He said he wanted at least one of the political parties to come up with “one pioneer, one visionary who’s going to put prevention [of childhood obesity] at the heart of its campaign” for the 2015 election.
“You can’t have one arm of the Government investing money in food education and school lunches and then have another part promoting junk food, en masse, to be licensed and given permission to trade within a stone’s throw of a school,” he said in an interview with the Times Education Supplement published today .
The TV chef, famous for his campaign to improve school dinners during the 2005 election campaign, which led to the adoption of new healthy eating standards in schools, added: “There is not one country on the planet which has smashed it [the obesity crisis] - not one country where obesity levels are coming down.”

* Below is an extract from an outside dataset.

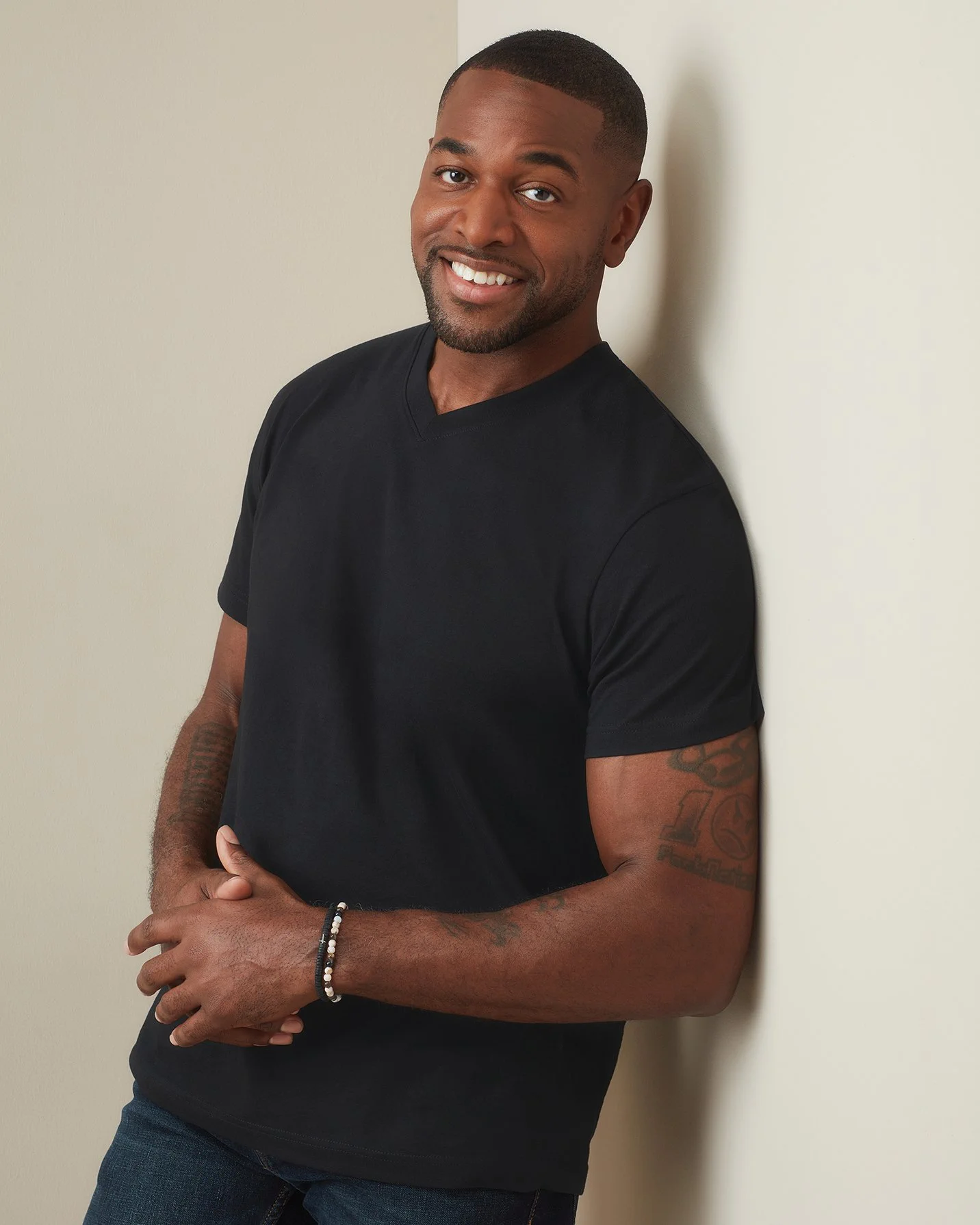 stedman-st2300-classic-t-shirt-v-neck-blackopal-model-1 Stedman Classic-T V-Neck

He said it needed “50 or 60” decisions and initiatives to happen at once followed by a five-year strategy to improve eating habits.
“Governments will ask ‘what is the one thing we can do?’,” he added. “But if you think [just] one thing, you’re always going to lose: nothing will be achieved.”
Latest figures show almost a third of 10- and 11-year-olds and over a fifth of four- to five-year-olds are either overweight or obese. Mr Oliver was making his comments in advance of Food Revolution Day on 16 May, when he will be broadcasting a cooking class for children across the globe via his own TV channel and those of the TES.
He will be attempting to break the Guinness World Record for the largest number of people cooking the same dish on the same day. All those who tune in will be asked to cook a “Rainbow Wrap”, a slaw with little bombs of feta cheese wrapped in flatbread.
Mr Oliver said: “Getting kids cooking from as early as possible helps them to develop an essential life skill which will have a huge impact on their future health and wellbeing.”
The Coalition Government’s most significant contribution to promoting healthier eating has been to announce - as Deputy Prime Minister Nick Clegg did at the Liberal Democrat party conference - that all children would receive a free school meal until the age of eight from September 2015.
The decision came after a review by Henry Dimbleby and John Vincent, co-founders of the Leon restaurant chain, recommended a partial introduction of free school dinners for everyone.
Their review, ordered by Education Secretary Michael Gove, pointed to the low take-up of school dinners (43 per cent).
Jamie Oliver has clashed with Mr Gove over his decision to exempt free schools and academies from complying with healthy eating standards in the school dinners they serve.
In his interview, he said: “We’ve got another election coming up. Let’s see how many of them [the political parties] start really talking about children’s health and public health.”